Where Does California Stand in the “Raising of America”?

Helping low- and moderate-income families afford early care and education services allows kids to thrive and provides assistance for working parents. A new documentary series, The Raising of America: Early Childhood and the Future of Our Nation, highlights just how critical it is to support families with young children with a variety of public policies, including those that expand access to high-quality early care and education. In fact, investing in high-quality child care and development programs can have long-term payoffs that we cannot ignore, such as greater academic achievement and less involvement with the criminal justice system. This short trailer from The Raising of America highlights what’s at stake in investing in young children:

Unfortunately, when faced with severe budget shortfalls during and after the Great Recession, state policymakers cut support for California’s child care and development system by about 40 percent, resulting in the loss of around 110,000 child care and preschool slots. The state has made progress in recent years in restoring some of these cuts, but despite these gains, funding for child care and preschool slots is still more than 20 percent lower than funding levels in 2007-08, after adjusting for inflation.

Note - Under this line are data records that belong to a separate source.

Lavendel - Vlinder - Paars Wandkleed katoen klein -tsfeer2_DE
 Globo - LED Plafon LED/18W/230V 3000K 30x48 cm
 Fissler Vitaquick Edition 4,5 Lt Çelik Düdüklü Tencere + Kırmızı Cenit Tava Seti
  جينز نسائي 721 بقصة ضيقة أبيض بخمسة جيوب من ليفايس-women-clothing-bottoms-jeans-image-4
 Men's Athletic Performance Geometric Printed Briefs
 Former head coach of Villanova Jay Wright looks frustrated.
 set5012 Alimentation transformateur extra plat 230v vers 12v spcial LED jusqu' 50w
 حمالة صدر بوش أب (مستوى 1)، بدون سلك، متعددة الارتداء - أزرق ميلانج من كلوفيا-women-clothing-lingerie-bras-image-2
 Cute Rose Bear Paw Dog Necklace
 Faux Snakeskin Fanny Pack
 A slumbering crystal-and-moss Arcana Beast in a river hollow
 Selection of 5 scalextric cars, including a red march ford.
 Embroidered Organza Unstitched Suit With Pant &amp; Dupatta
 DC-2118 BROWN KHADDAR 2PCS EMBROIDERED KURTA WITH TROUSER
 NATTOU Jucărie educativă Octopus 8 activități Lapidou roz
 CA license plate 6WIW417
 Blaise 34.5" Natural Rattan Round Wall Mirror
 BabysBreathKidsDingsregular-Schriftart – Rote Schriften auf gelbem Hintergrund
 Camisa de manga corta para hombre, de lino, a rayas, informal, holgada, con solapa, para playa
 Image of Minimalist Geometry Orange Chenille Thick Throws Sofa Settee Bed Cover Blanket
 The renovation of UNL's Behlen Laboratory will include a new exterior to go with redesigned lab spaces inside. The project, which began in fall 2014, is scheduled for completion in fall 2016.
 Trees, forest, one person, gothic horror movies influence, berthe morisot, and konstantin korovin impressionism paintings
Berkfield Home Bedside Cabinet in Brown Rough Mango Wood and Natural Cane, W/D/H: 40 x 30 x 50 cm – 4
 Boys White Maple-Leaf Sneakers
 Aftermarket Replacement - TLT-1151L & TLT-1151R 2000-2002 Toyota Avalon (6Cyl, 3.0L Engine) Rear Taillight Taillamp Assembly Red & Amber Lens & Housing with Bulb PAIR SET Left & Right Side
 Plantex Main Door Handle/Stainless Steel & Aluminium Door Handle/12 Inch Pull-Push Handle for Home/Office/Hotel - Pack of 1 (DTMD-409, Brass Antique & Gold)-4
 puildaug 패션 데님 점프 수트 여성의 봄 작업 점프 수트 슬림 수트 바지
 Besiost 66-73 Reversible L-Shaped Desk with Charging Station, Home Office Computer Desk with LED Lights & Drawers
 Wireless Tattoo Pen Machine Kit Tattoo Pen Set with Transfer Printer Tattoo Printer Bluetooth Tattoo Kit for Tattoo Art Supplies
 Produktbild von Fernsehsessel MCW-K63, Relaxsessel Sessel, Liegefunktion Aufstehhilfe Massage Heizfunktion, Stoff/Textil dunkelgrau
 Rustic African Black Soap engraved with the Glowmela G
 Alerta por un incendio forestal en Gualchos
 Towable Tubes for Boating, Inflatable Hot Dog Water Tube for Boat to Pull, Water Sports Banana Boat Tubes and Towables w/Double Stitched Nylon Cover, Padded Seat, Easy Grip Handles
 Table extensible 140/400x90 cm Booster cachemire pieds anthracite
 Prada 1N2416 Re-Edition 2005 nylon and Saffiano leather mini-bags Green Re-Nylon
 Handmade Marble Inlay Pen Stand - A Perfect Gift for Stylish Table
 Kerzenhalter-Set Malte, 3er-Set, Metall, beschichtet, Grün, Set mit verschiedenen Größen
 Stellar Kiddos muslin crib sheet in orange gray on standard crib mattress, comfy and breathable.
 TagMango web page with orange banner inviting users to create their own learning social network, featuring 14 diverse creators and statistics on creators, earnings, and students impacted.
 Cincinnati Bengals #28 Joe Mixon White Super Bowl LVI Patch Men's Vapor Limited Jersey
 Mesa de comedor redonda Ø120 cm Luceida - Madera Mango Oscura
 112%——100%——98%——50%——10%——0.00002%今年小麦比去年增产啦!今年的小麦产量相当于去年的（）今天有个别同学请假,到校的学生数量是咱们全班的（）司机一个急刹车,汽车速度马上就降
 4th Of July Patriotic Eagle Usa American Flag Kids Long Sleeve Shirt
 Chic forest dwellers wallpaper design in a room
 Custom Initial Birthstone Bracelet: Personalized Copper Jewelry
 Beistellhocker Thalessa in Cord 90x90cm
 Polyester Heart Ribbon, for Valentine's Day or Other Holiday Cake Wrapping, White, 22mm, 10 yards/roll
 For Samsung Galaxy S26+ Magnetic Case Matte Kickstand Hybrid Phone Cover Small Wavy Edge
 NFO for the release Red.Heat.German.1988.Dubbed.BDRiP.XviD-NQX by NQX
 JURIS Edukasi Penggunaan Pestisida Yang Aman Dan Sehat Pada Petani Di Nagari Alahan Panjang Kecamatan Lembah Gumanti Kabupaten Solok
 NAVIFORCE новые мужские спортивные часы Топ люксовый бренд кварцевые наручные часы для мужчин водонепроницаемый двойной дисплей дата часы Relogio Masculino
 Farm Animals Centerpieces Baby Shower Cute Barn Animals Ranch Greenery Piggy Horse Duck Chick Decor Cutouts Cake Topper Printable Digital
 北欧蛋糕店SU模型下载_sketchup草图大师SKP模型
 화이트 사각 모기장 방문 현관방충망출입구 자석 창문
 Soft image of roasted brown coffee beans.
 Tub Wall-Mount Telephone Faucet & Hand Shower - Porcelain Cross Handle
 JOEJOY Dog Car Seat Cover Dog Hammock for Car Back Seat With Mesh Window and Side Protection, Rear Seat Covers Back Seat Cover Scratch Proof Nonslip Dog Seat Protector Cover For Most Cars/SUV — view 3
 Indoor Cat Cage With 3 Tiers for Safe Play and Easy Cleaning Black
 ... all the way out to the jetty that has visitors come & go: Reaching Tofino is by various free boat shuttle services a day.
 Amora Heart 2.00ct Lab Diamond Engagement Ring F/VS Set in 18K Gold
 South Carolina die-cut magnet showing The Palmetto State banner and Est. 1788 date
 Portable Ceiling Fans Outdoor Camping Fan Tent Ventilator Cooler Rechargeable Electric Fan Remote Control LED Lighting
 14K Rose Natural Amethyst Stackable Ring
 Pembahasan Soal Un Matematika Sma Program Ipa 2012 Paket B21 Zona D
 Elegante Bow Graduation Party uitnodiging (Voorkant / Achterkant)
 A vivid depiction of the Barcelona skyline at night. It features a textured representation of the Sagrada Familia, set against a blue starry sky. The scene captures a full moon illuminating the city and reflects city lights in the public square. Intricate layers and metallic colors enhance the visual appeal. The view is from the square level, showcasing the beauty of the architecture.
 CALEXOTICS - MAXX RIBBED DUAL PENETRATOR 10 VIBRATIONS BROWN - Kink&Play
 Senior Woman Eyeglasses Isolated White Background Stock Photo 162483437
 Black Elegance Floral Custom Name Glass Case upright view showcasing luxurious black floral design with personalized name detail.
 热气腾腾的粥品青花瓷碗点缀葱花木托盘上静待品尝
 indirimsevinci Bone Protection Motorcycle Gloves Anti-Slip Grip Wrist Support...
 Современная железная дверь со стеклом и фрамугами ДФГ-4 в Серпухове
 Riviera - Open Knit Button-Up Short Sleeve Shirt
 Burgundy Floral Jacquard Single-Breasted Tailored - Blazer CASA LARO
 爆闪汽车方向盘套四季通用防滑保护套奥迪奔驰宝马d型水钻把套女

Support for Child Care and Preschool in 215-16 Remains More Than 20 Percent Below Pre-Recession Levels 11.20.15

Available for free online streaming through November, The Raising of America illustrates that the child care system in the US is failing many of our youngest children. Yet, California’s policymakers can take steps to help address this problem. As we head into the next state budget cycle, it will be crucial to continue restoring funding for California’s child care and development system in order both to increase the number of children served and to support providers with adequate reimbursement rates. Increased support is essential for the state’s most vulnerable children, for low- and moderate-income families just trying to make ends meet, and for the child care and preschool teachers in the state that provide this vital care.